Williams' message hit home. Players began to split up the duties of choosing locker room music, and learned more about each other each day. As they did, the chemistry issues disappeared, and the Bulldogs finished the season 19-7, won the SEC West crown and curb-stomped Auburn, Georgia and Kentucky in consecutive games, by an average of more than 12 points, to win the SEC Tournament.

Those Bulldogs went on to beat Virginia Commonwealth, Princeton, UConn and Cincinnati to earn their spot in the Final Four before turnovers doomed them against Syracuse. (The Orange went on to lose the national championship game to Kentucky, a team Mississippi State had beaten by double-digits just 20 days earlier in the SEC Championship.)

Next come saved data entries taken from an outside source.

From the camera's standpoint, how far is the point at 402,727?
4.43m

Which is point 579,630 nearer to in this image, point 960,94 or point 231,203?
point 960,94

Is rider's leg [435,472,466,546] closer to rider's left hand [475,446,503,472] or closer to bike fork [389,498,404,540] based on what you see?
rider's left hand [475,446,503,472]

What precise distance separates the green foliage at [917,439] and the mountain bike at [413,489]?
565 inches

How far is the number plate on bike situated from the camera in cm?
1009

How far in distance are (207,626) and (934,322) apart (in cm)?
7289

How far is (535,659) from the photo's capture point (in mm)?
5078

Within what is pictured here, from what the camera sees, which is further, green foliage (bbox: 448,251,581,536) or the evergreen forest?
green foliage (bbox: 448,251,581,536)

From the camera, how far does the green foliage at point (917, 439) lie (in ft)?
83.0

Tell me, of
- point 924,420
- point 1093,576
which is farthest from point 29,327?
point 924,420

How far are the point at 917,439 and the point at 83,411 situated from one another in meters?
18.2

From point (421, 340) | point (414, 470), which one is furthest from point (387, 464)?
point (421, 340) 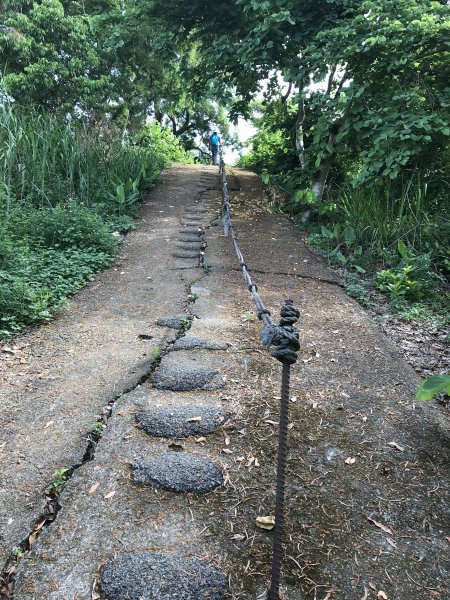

Williams will get to relive those memories, and many more, at his Mississippi Sports Hall of Fame Induction Friday night at the Jackson Hilton on County Line Rd. He said many of his former players are planning to attend.

"This is a special honor for people who are involved in athletics in the state of Mississippi," Williams said. "And it's a great class that I'm going in with. I'm really looking forward to the festivities."

Other 2014 honorees include olympians Calvin Smith and Ruthie Bolton, Ole Miss football legends Deuce McAllister and Doug Cunningham and Mt. Olive-native, former Heisman Trophy-finalist and Tennessee Titans quarterback Steve "Air" McNair.